### [Exercise objective]
Show each line of the records below where the word "take" occurs.

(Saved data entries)
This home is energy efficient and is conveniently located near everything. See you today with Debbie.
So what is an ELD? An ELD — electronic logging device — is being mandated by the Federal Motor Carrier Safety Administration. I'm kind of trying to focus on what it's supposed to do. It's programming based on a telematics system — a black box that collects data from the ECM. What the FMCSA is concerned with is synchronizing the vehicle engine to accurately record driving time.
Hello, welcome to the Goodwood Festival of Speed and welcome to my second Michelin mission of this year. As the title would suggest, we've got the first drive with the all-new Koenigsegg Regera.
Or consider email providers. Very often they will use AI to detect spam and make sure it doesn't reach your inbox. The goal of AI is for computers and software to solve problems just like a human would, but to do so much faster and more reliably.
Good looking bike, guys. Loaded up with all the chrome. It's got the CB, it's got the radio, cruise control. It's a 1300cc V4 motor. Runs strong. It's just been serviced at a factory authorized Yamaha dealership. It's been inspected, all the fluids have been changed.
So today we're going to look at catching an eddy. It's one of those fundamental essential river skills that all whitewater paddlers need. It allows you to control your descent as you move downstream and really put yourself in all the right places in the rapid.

...

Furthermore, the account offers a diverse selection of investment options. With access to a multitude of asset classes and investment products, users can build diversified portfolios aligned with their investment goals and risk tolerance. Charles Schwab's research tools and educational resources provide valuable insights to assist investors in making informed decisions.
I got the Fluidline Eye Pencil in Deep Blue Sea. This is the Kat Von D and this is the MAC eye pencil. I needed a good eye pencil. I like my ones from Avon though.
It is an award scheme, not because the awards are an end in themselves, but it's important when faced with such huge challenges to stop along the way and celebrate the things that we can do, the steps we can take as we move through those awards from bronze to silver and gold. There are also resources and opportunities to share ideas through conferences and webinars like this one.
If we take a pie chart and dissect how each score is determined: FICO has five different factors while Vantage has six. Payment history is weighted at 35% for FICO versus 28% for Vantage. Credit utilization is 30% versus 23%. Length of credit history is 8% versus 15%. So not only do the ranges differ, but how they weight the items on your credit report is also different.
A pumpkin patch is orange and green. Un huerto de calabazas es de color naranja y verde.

### [Written solution]
It is an award scheme, not because the awards are an end in themselves, but it's important when faced with such huge challenges to stop along the way and celebrate the things that we can do, the steps we can take as we move through those awards from bronze to silver and gold. There are also resources and opportunities to share ideas through conferences and webinars like this one.
If we take a pie chart and dissect how each score is determined: FICO has five different factors while Vantage has six. Payment history is weighted at 35% for FICO versus 28% for Vantage. Credit utilization is 30% versus 23%. Length of credit history is 8% versus 15%. So not only do the ranges differ, but how they weight the items on your credit report is also different.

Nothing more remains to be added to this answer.